Hi there! It's been a while since I've been in this forum and I thought I would ask your opinion on my hive(s). I will give a little background. Last year I bought by first 2 hives, 2 nucs. 1 did great and one not so much. The smaller one ended up dying this winter, opened up the hive and it was empty, so they starved. I never did anything with the hive. Just dumped out what I could of the dead bees and then just left it sitting next to the other hive with lots of bees in it. So I have been slacking BIG time this year. I didn't do a spring inspection, so in May I was out in my garden and noticed a big bussing sound and after searching found my hive swarmed. After they settled down I went and got everything I needed to put them into the dead hive, but as I was walking over to get them, I watched them fly away. Never caught them. Bummer. So I was gonna wait a few weeks to do an inspection to make sure they made a new queen. Well a couple weeks turned into a month...maybe close to 2 months. Well the other day I went out to its peek at them flying in and out and noticed that there was quite a few bees flying in and out of the dead hive! So I popped open the top of the hive to take a peek and there were tons of bees in there. So since it was dusk I went inside and the next day I went out to do an inspection.
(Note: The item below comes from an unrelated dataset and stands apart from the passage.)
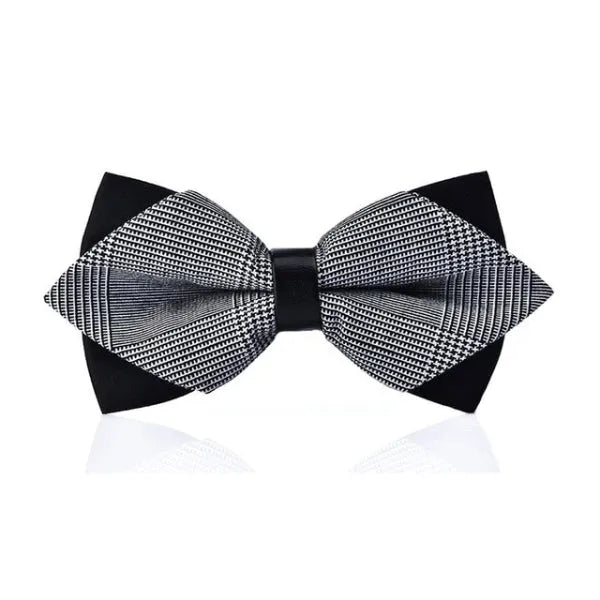 Grey Striped Diamond Bow Tie for Men Classy Pre-Tied Accessory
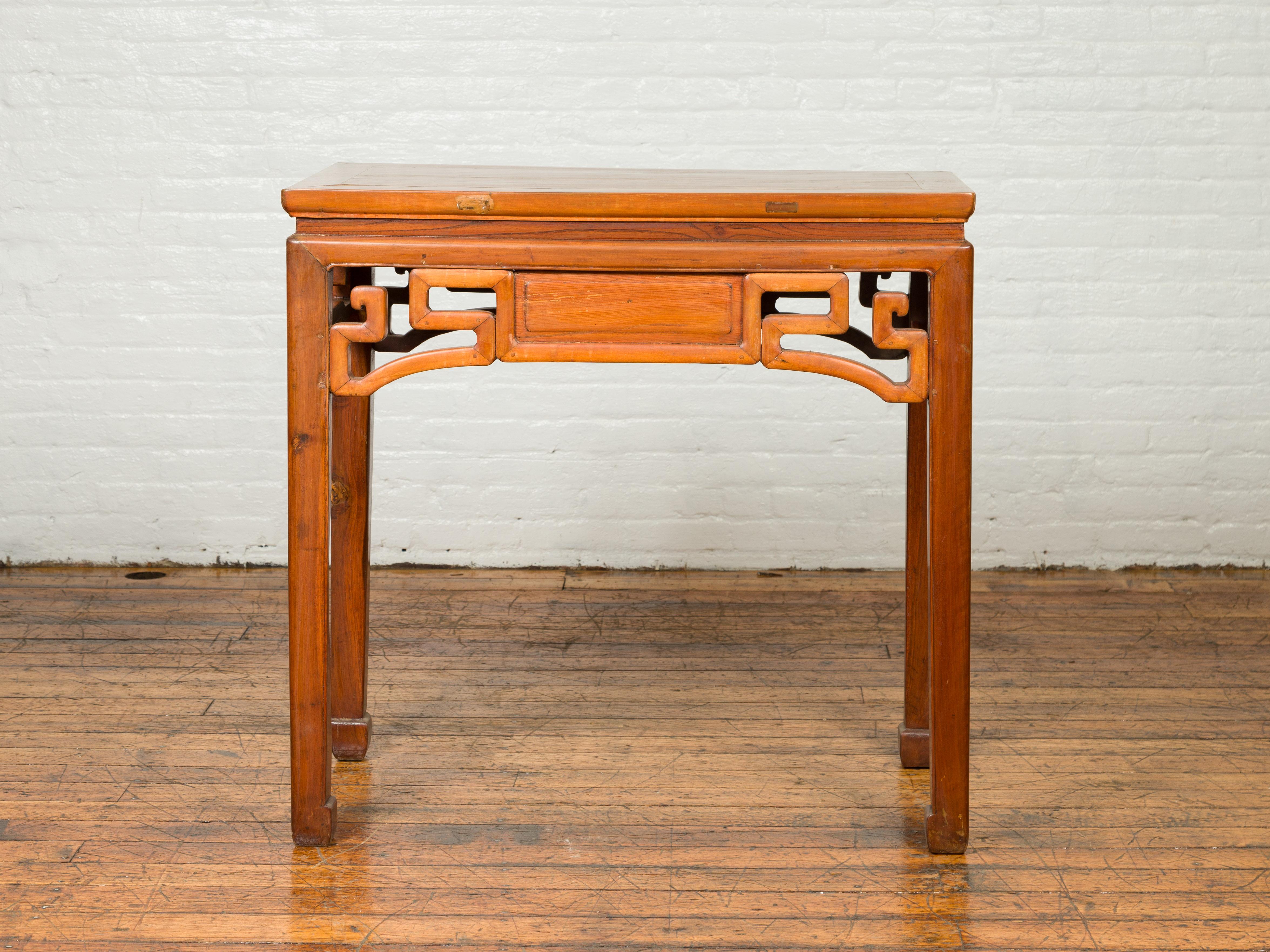 Chinese Ming Dynasty Style Elmwood Table with Single Drawer and Carved Apron 5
I started with the smaller (dead) hive. The top super was like empty. Nothing going on. Bottom mostly empty but 2-3 frames had a bunch of bees and liquid in them. I didn't see any eggs or larva but I didn't get the time to do a full look. I actually never even pulled the frame that had the most bees on it cause my 2 year old came out butt







naked and wanting me lol. So I closed that hive up and opened up the big one quick but I wasn't able to do anything there. Noticed the top super was full of honey, which I have 2 deep brood boxes and a honey super on that hive. So since that was full I added another honey super to that hive and gonna go out with my husband and do a full inspection so he can help me lift supers off. They are HEAVY!! Anyway, do you think my hive spit again and went into the dead hive? Is that a chance? Would there be a chance that they made a queen in the hive next door for that hive? It looked as if there was an opened queen cell maybe in the dead hive, but is that even possible? I'm so curious to see what happens with my hives. It would be SO awesome if there are 2 hives with good laying queens cause there is a chance nobody has a queen lol. I added a pic so you can see how close the hives are to one another. I took the pic after I added the honey super on the bigger hive. 
Ok. Sorry so long. Just wanted to get your opinions. Thanks!!


----------



## alleyyooper (Apr 22, 2005)

It is possible you had several swarms and one moved in the dead out.

 Al


----------



## TxGypsy (Nov 23, 2006)

The thing I kept thinking while reading this was......how did she stay out of her hives for that long? I keep a large number of hives so that I don't overly irritate any one hive by visiting too often 

Alleyoopers guess is a good one. It's a wonder that the wax moths didn't take it over.


----------



## farmnewbie (Apr 18, 2014)

I know I know. I have WANTED to go out into the hives but this year has been crazy and honestly I'm not sure why, but this spring I kinda got a little scared of my bees. Really not sure why. Never gave me a reason to. Except the large number of bees in the hive lol. Anyway thanks and I'm also surprised it didn't get taken over by wax moths, there was none in there. Crazy! I got lucky. Now let's hope things stay well.


----------